Bear didn’t like the sound of that. She could tell from his grunt.
They struggled down the east hall, the injured man fighting off waves of pain evident by the way he groaned and squeezed her shoulder. She was right in her guess. This was no tazer attack, judging by the blood trailing after them. It was either a blade or a slug wound, neither boding much promise. She wondered how much of his dampness was rain and how much was fever sweat.
She steered them to a room at the end of the hall that hadn’t been used since her aunt died four years before. It was spacious and bright, done in the healing tones of pink that had helped comfort the woman in her aunt’s painful battle with Paler’s disease. A losing battle. Since the last day, Kate had changed the bed linen regularly, adding fresh shurai blossoms daily. But she never had the heart to let anyone use the room. Customers and personnel were not allowed. There’d be no games played in that room. Too many memories.
Now, watching Bear ease his companion onto the bed, she hoped that the room wouldn’t see another soul pass.
 “Kate, can you help me?”
Bear was trying to undress the man without moving him too much. The wound on his left side oozed red. Hurrying over, an ironic thought struck her. She had certainly undressed many an unconscious man in her time, but they were usually intoxicated and saved her a night’s work, only too ready to believe the convincing lie she gave them the next day. This night was going to be an all-nighter.

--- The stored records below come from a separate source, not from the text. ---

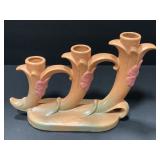 Weller Wild Rose Pottery Triple Candle Holder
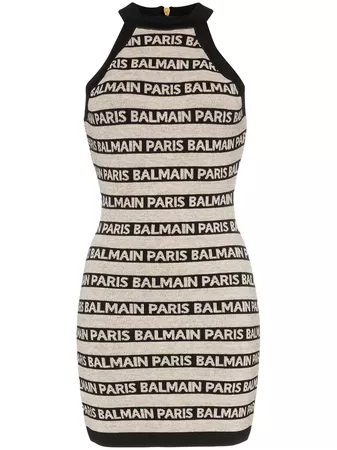 Balmain high-necked Logo Halter Dress - Farfetch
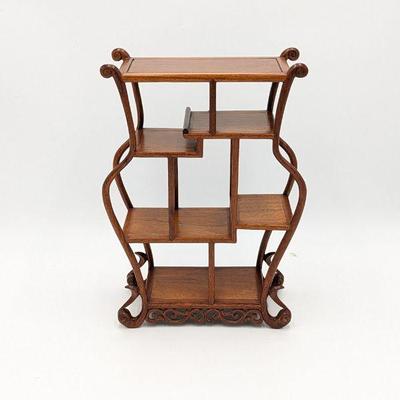Chinese Rosewood Tabletop Display Stand Shelf - 10.5w x 5.25d x 14.5h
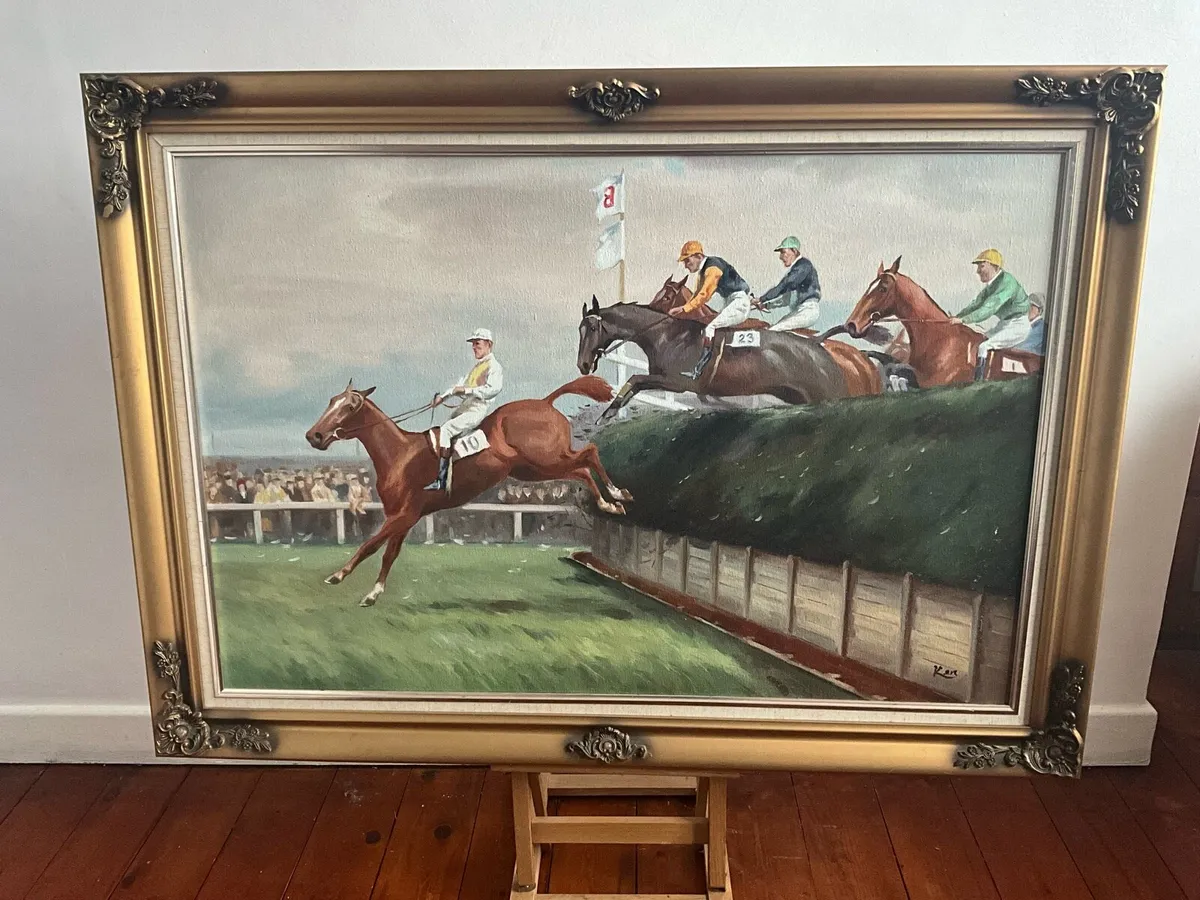 Extra Large Racing Painting - Signed - Image 3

As she undid the man’s weapon belt and started on his pants, a door creaking caught her attention. Looking up, she saw pretty little Deeta staring at the scene. The girl’s pale, young eyes, which had already seen so much, still registered shock at the unaccustomed sight of lingering death.
 “Kate,” the girl started softly, “can I help?”
 “Yes, honey. Go to the kitchen. Fetch hot water, some towels, some perox soap and...”
 “Some yskatol,” Bear grumbled.
Kate looked at him. “We don’t need liquor, we have anesthesia.”
“The yskatol is for me.”
She nodded at the girl, who shot out of the room. “I guess I shouldn’t bother with anesthesia till the doctor gets here. Though from what I remember about your constitution, the anesthesia would have more effect on you than the yskatol.”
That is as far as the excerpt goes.